Will’s piece of yesterday evening deals with a forthcoming Supreme Court case on the Establishment Clause. (If interested in the details, please read it for yourself.) Will points out (correctly) that the jurisprudence of the Establishment Clause is in a godawful mess, urges the Supreme Court to clear up the mess, but fails to articulate a guiding principle that would accomplish that purpose.
Establishment Clause Jurisprudence is Bad, but Free Expression Clause Jurisprudence is Worse
So, here’s something to think about on a lazy Saturday afternoon.

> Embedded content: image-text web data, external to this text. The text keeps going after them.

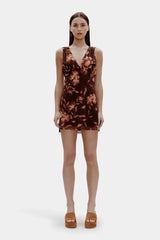 Tea print backless Mini Dress in brown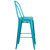 Flash Furniture ET-3534-30-CB-GG 500 Lbs. Crystal Teal Galvanized Steel Curved Back with Vertical Slat Bar Stool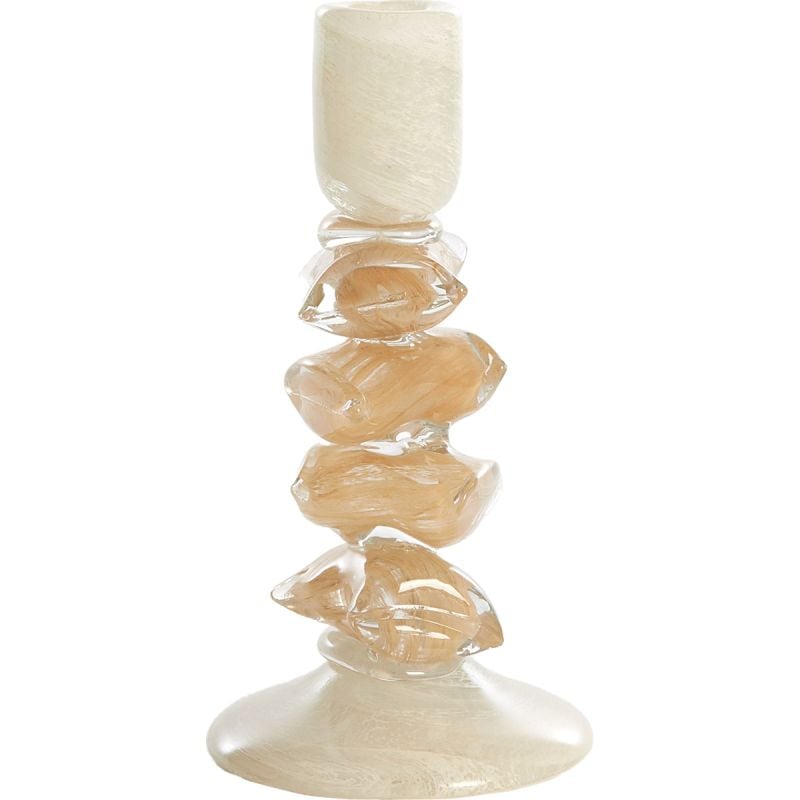 Kandelaar Estina Creme+Bruin 23 Cm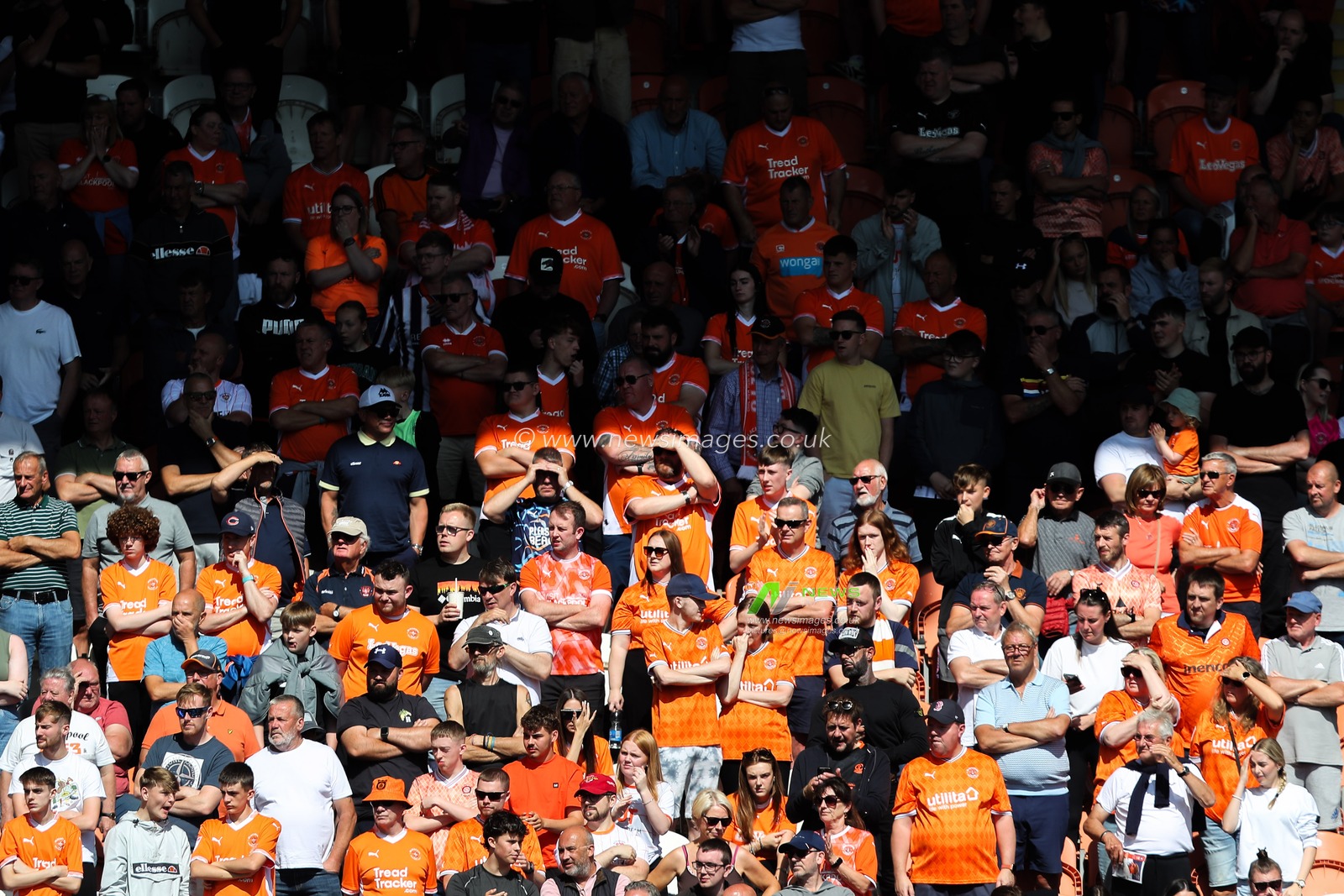 Blackpool fans during the Sky Bet League 1 match Blackpool vs Wycombe Wanderers at Bloomfield Road, Blackpool, United Kingdom, 31st August 2024

(Photo by Gareth Evans/News Images)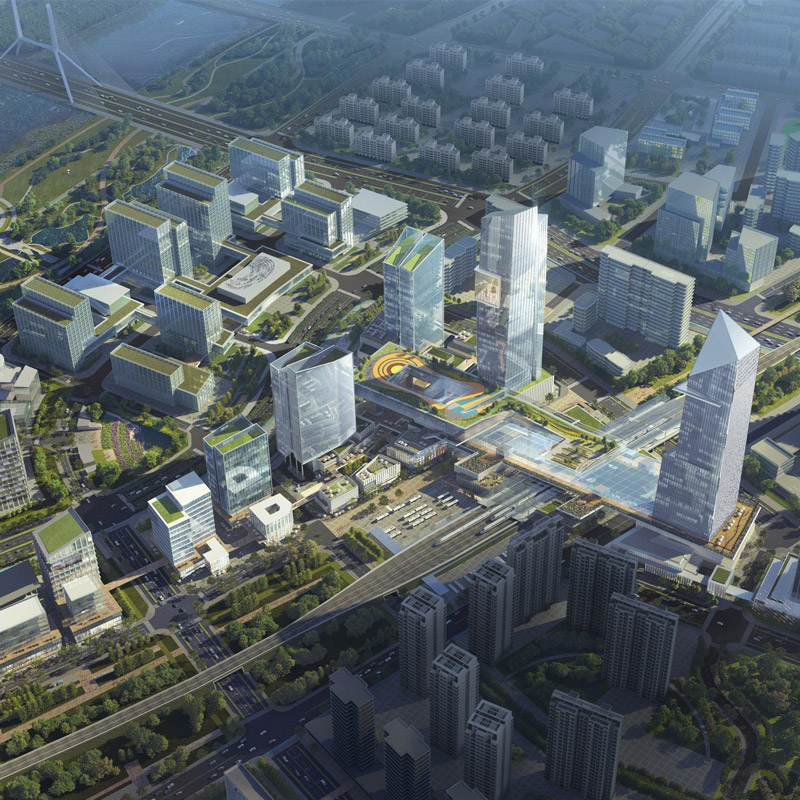 Aedas’ Beijing Tongzhou West Railway Station TOD Zone 0601 and 0402 is shown as a large‑scale, transit‑oriented urban masterplan with clustered high‑rise towers, integrated rail corridors, and layered public spaces along the Grand Canal. The aerial view highlights dense mixed‑use development, green networks, and a central transport hub that unifies railway infrastructure, commercial functions, and civic spaces into a high‑efficiency station‑city complex.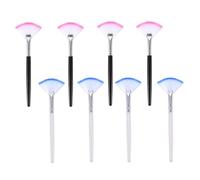 duomaoyi Lot de 8 pinceaux pour masque facial en forme d'éventail, avec poils doux et long manche, adaptés pour les soins de la peau et les soins de beauté du visage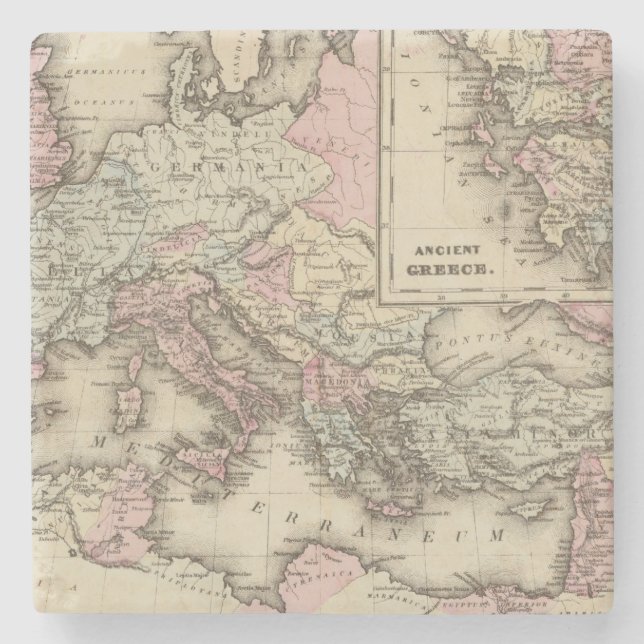 Roman Empire, Greece Stone Coaster (Front)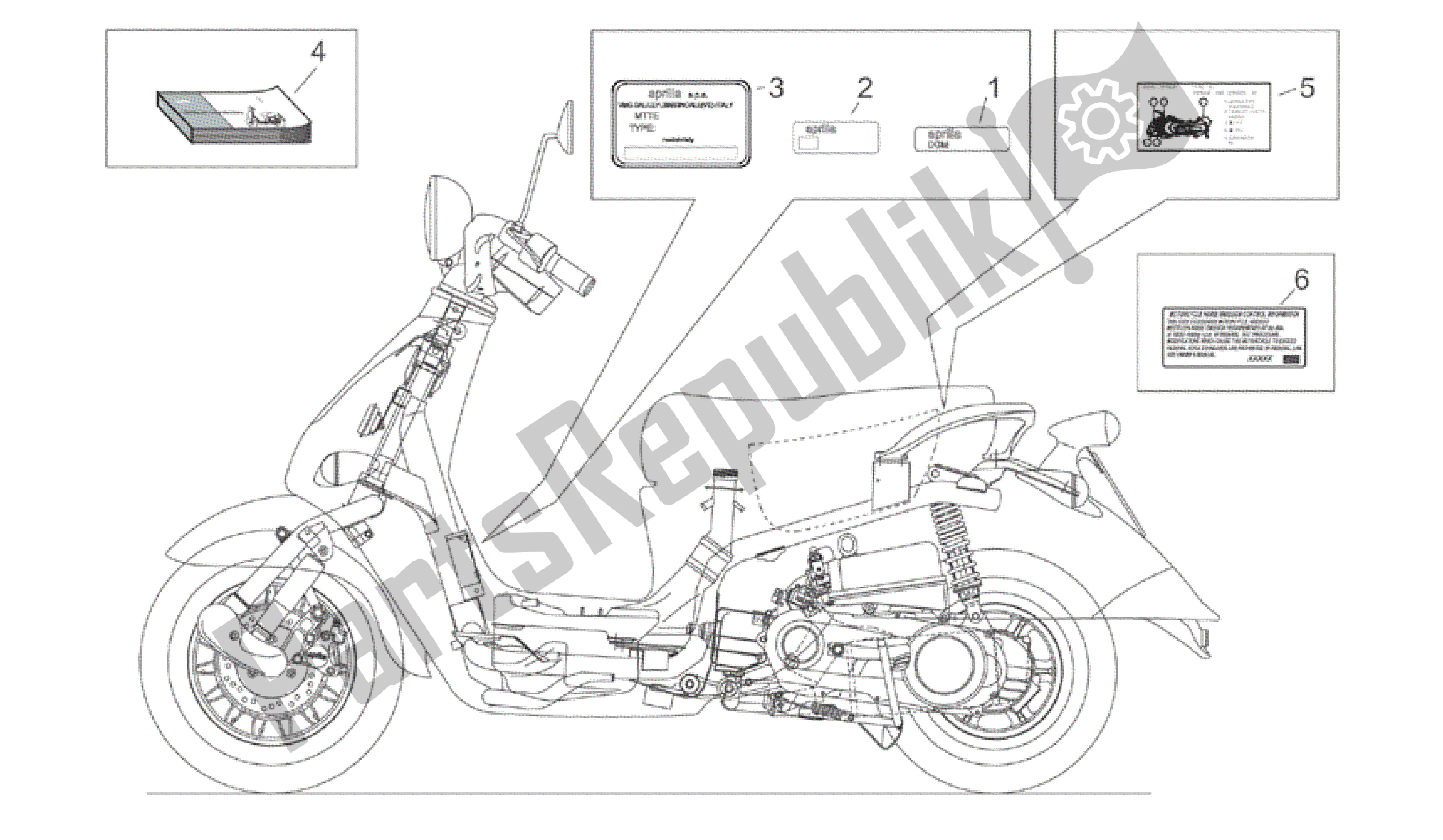 Alle onderdelen voor de Bordenset En Handboek van de Aprilia Mojito 50 1999 - 2003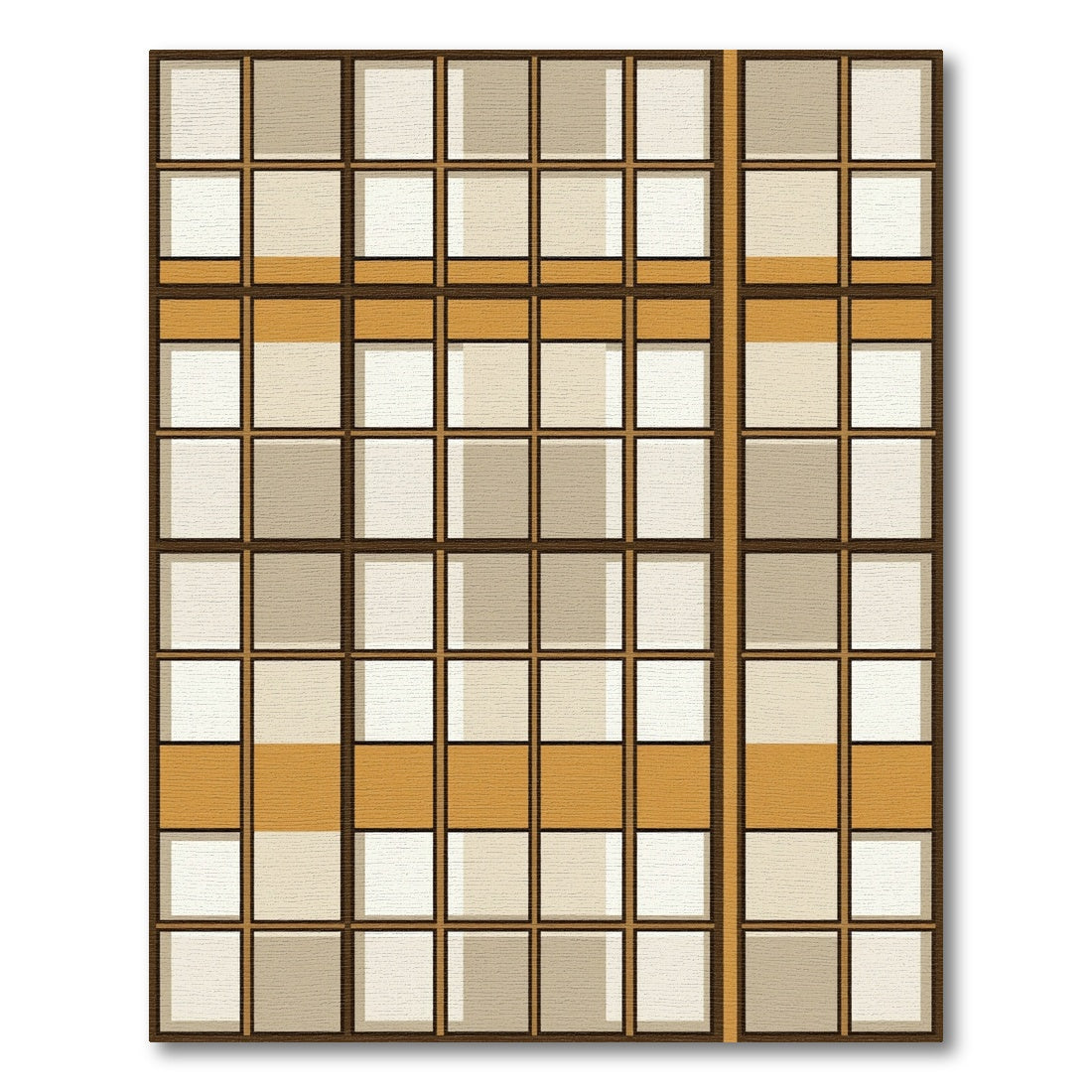 Modern Grid Earth Tone Geometric Rug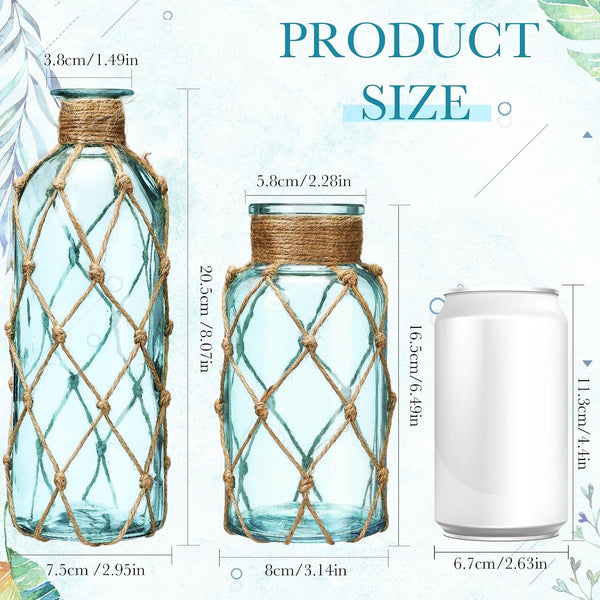 Set of 2 Coastal Glass Flower Vase with Boho Rope, Light Blue | Coastal Vase, Small Sea Glass Jar, Nautical Beach Bottle for Wedding Table Centerpieces Floral Arrangement Decor2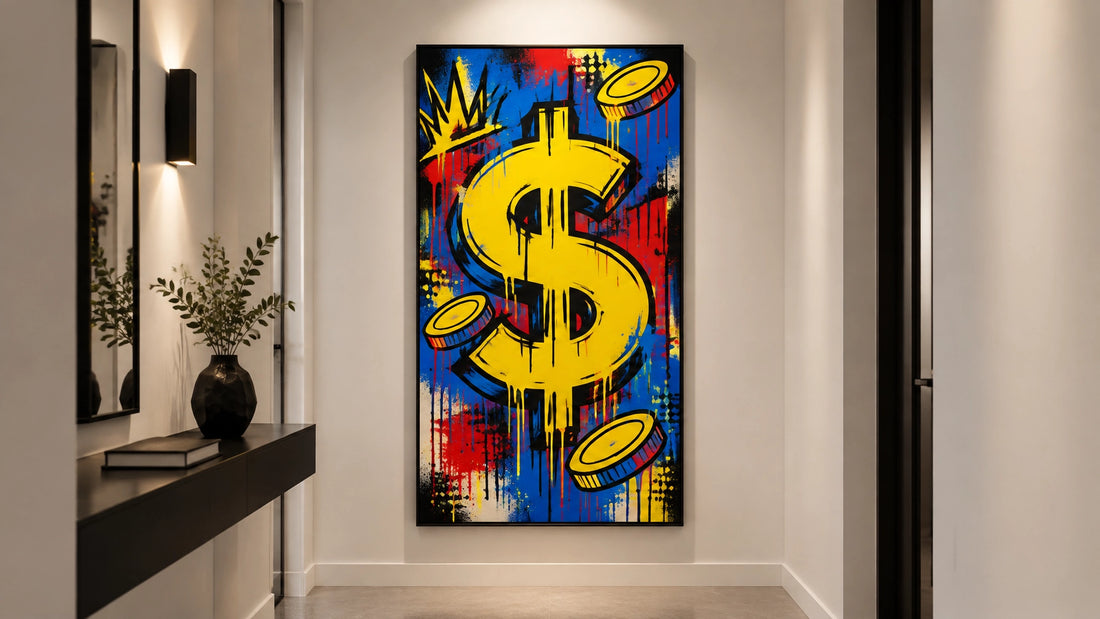Photorealistic compact hallway with a bold character-free pop art canvas, electric blue and canary yellow graffiti textures,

Pretty much everyone agrees that the Free Expression clause prohibits government from arbitrarily targeting a particular set, and forbidding or restricting religious practices for no good reason other than dislike of that sect. So far, so good. (And that sort of thing does happen from time to time, and the courts have been pretty good about knocking it down.)
But what if Congress, or the state legislature, or the city council enacts a law that isn’t targeted at a particular sect, and that is aimed to solve a general problem or achieve some objective to promote the public good, but the law happens to violate the religious beliefs of some in the community? Here is where things start to go off the rails.
As commonly understood—I didn’t say rightly understood, I said commonly understood—the Free Expression Clause divides all of us into two categories: those who got religion and those who don’t got religion.
If you don’t got religion, then I have bad news for you: you have to obey all the laws.
But if you do got religion, then I have good news: within some limits, you get to pick and choose which laws you need to obey, based on the tenets of your religion.
I would suggest that the first question raised by this dichotomy is whether is makes any sense at all.
But put that aside. Accept on faith the righteousness of the legal distinction between the religious and the irreligious. Here are just a few questions about how to apply the distinction:
What is “religion”—as distinguished from, say, mere philosophy, or mere ethics?
How does an individual prove that she or he has got religion? (Is a court required to accept a mere assertion, or is it permitted to inquire into the sincerity of the belief?)
Then there is this. It’s not controversial that religious claims may sometimes be outweighed by other considerations. For example, a person sincerely adhering to a belief in human sacrifice could not use the Free Exercise clause to defend against murder.
So there is some kind of balancing test involved. But how is a court supposed to weigh and balance in any particular case?
Just a few questions for a lazy Saturday afternoon.
And please do think about them. And when you reach some good conclusions, find a way to let the Supreme Court know. Because the Court hasn’t got a clue.